## WORK INSTRUCTION
Repeat the span of the entries below that starts at the line with "Imã Ladybird (Frente)" and ends at the line with "Waldapart Willingen Willingen", nothing more. Skip the pictures.

## TASK INPUT
▼

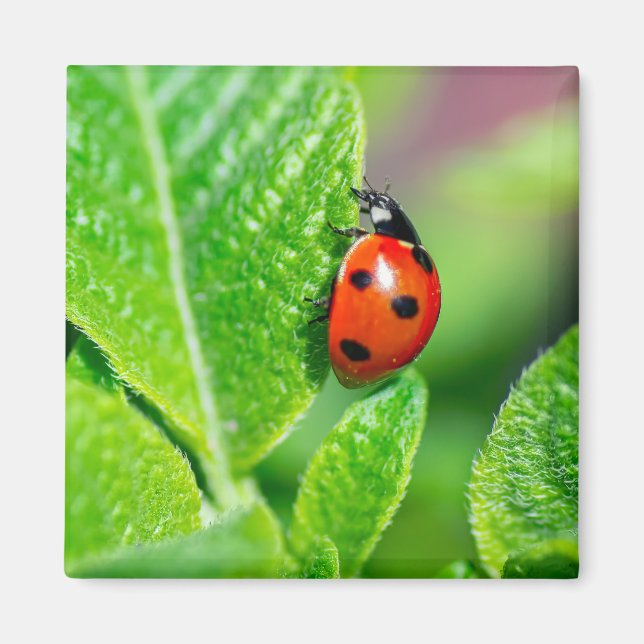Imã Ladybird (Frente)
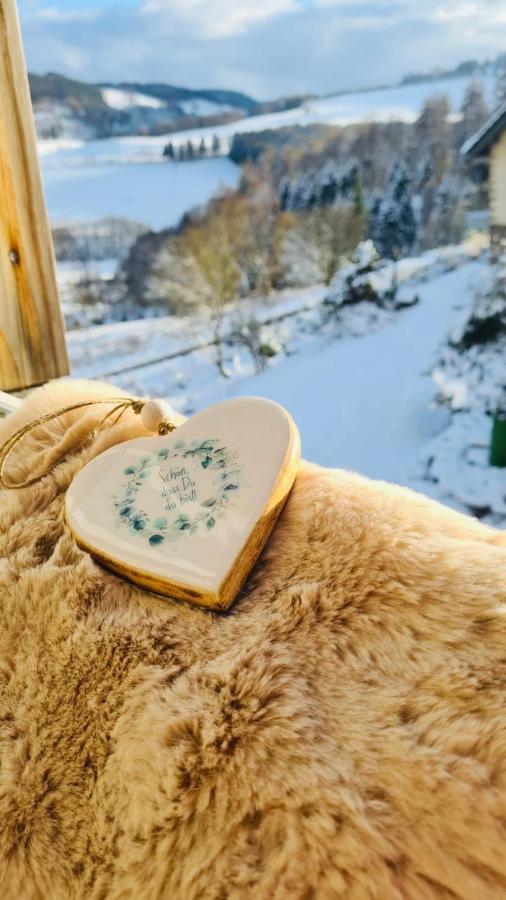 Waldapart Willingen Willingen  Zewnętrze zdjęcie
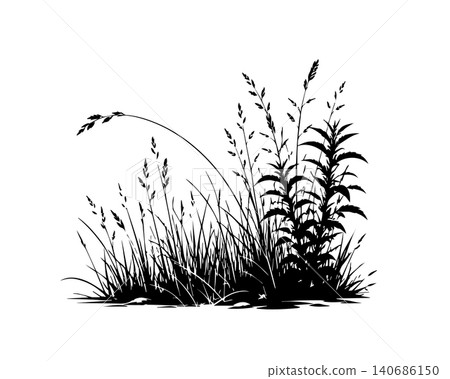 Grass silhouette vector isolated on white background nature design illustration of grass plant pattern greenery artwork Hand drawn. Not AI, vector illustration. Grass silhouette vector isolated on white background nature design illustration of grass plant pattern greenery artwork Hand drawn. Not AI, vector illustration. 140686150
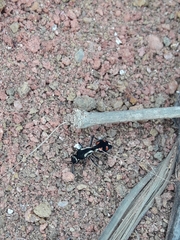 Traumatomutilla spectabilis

▲
▼

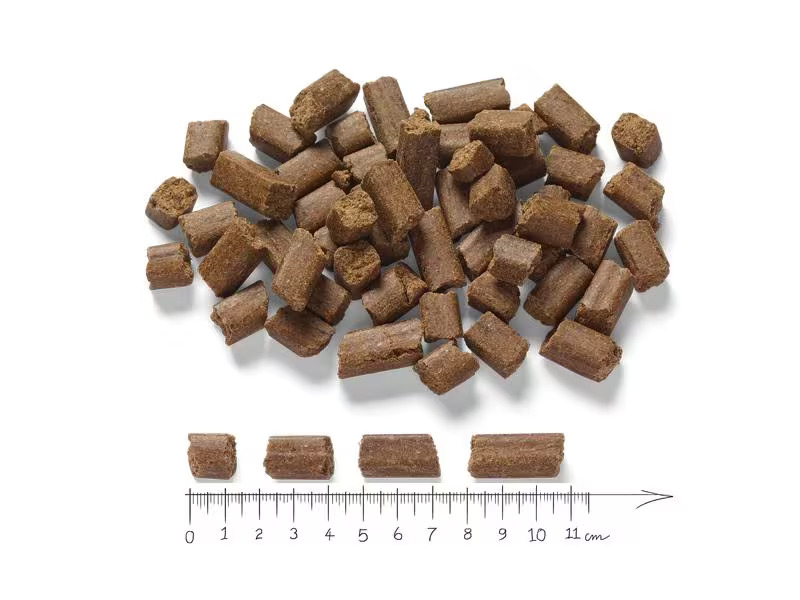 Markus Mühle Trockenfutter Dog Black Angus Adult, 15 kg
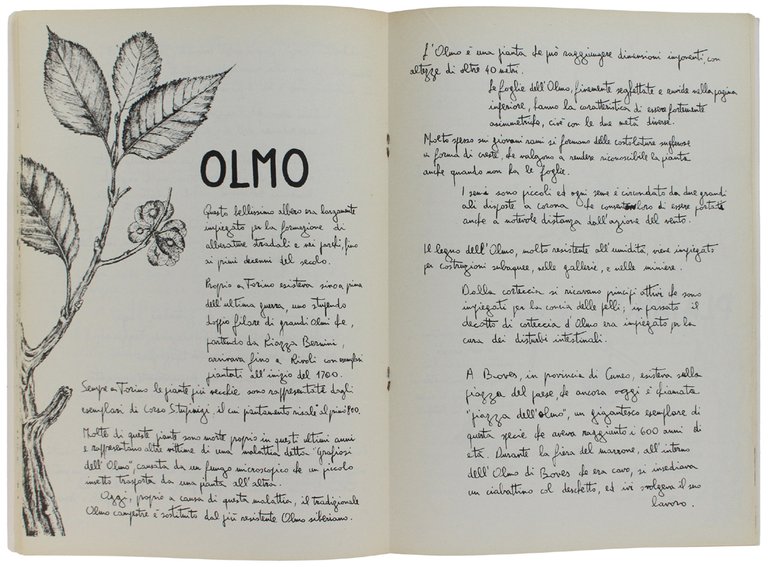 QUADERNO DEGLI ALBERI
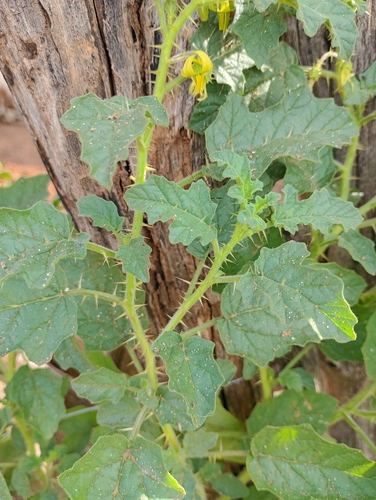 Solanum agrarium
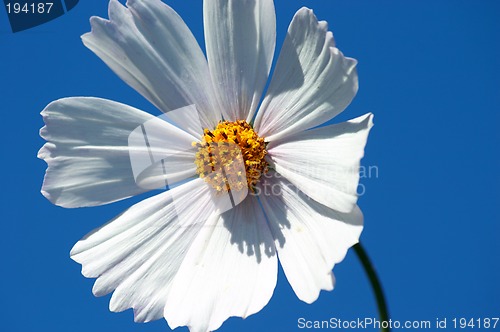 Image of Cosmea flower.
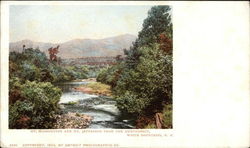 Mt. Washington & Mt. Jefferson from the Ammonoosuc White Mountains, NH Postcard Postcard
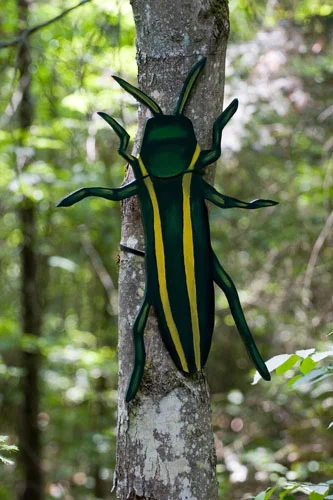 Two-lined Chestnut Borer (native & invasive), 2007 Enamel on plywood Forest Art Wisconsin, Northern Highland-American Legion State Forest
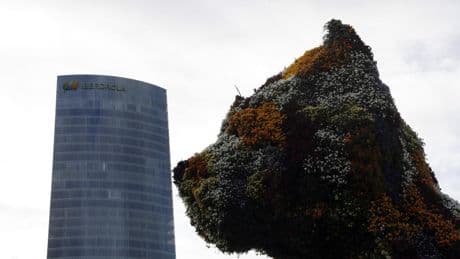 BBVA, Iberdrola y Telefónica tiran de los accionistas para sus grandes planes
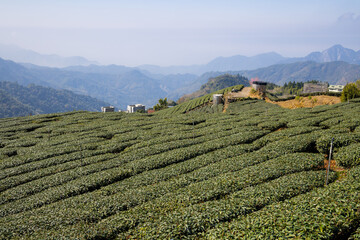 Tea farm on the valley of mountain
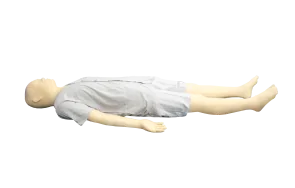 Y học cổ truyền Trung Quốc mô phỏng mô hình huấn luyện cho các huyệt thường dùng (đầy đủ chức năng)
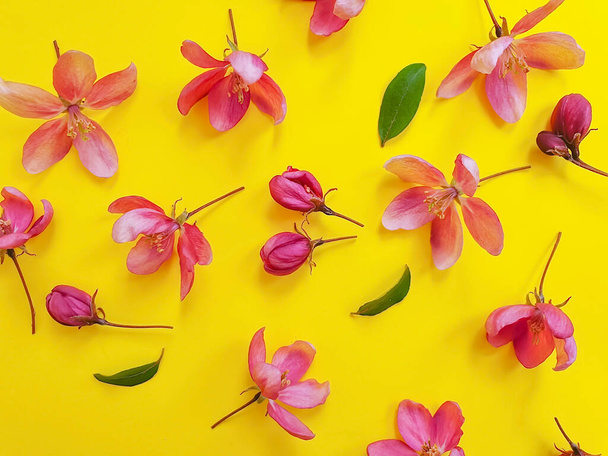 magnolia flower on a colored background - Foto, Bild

▲

## RESULT OF THE EXERCISE
Imã Ladybird (Frente)
 Waldapart Willingen Willingen  Zewnętrze zdjęcie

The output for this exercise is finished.